_Task to complete_
What is needed is an exact copy of the lines in the entries below from the one holding "Premium Machine Washable" through the one holding "Abandoned House Decorated", pictures excluded.
*** Given records
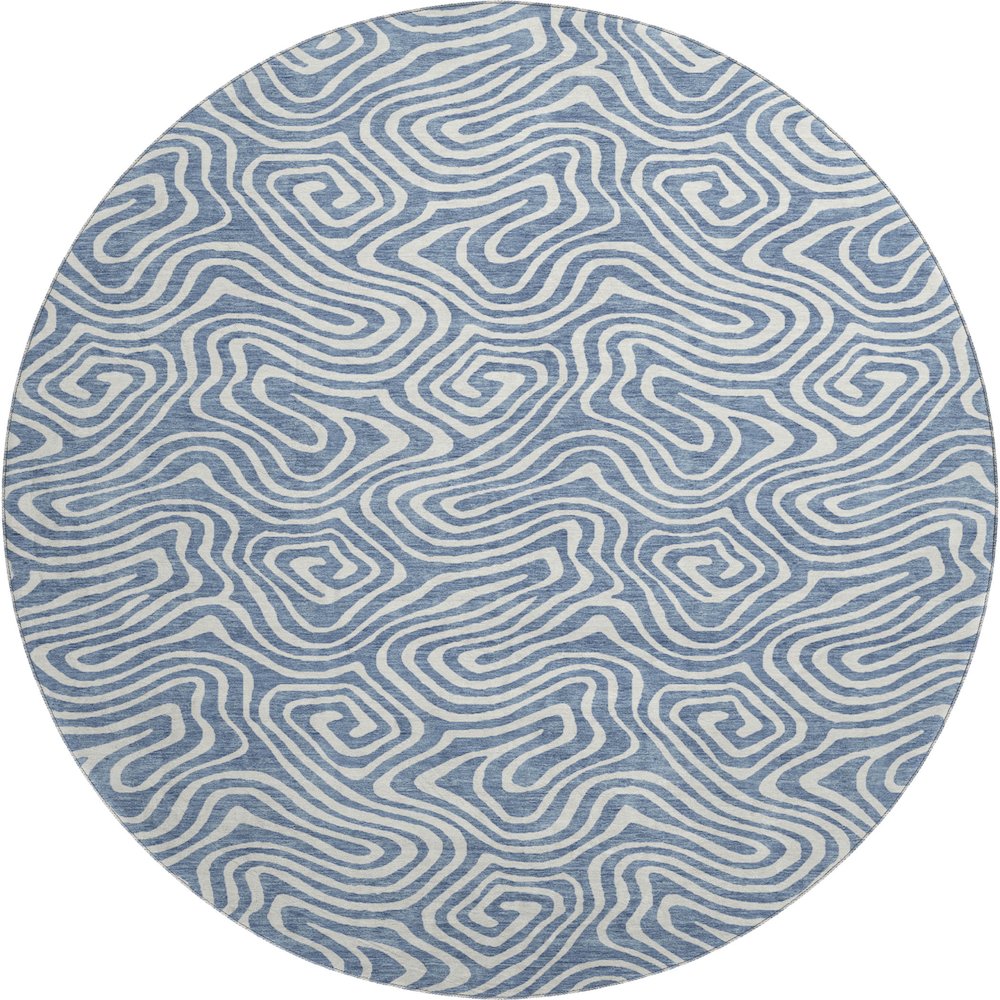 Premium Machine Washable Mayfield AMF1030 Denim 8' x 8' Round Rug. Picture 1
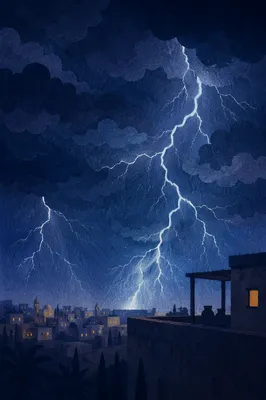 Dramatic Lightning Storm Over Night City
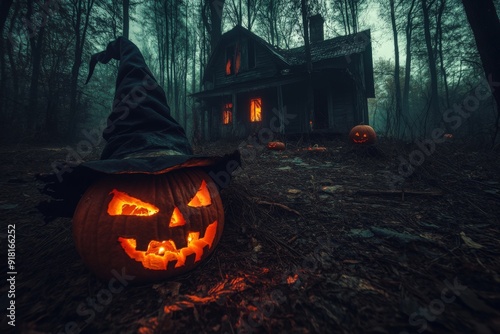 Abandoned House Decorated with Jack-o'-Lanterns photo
******
*** Given records
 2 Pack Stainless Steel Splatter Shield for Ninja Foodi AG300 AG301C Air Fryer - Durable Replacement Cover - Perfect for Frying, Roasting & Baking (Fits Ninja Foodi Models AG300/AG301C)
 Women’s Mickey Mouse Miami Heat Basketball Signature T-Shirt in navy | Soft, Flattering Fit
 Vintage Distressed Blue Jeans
******
*** Given records
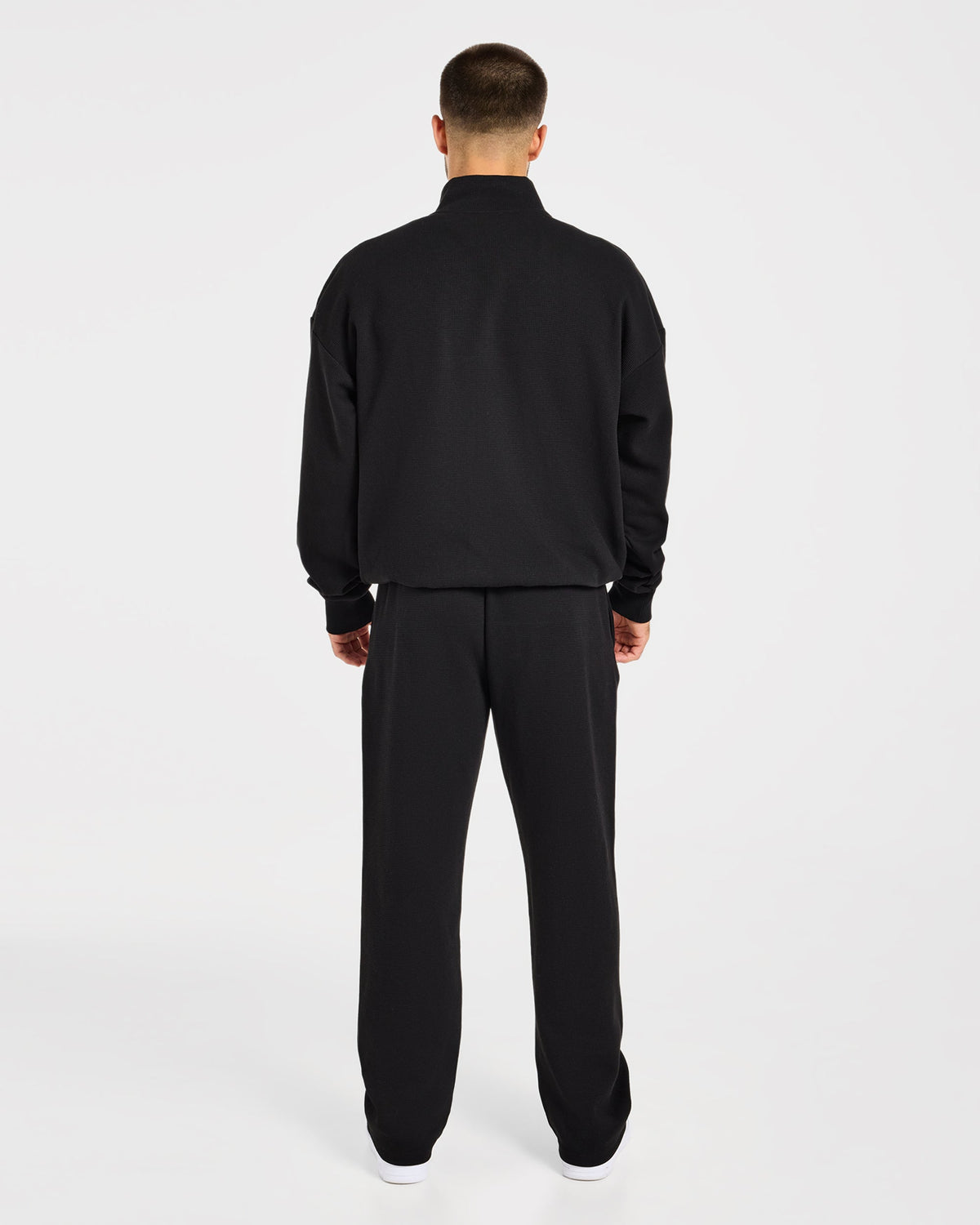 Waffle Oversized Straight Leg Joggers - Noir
******
_Completed exercise_
 Premium Machine Washable Mayfield AMF1030 Denim 8' x 8' Round Rug. Picture 1
 Dramatic Lightning Storm Over Night City
 Abandoned House Decorated with Jack-o'-Lanterns photo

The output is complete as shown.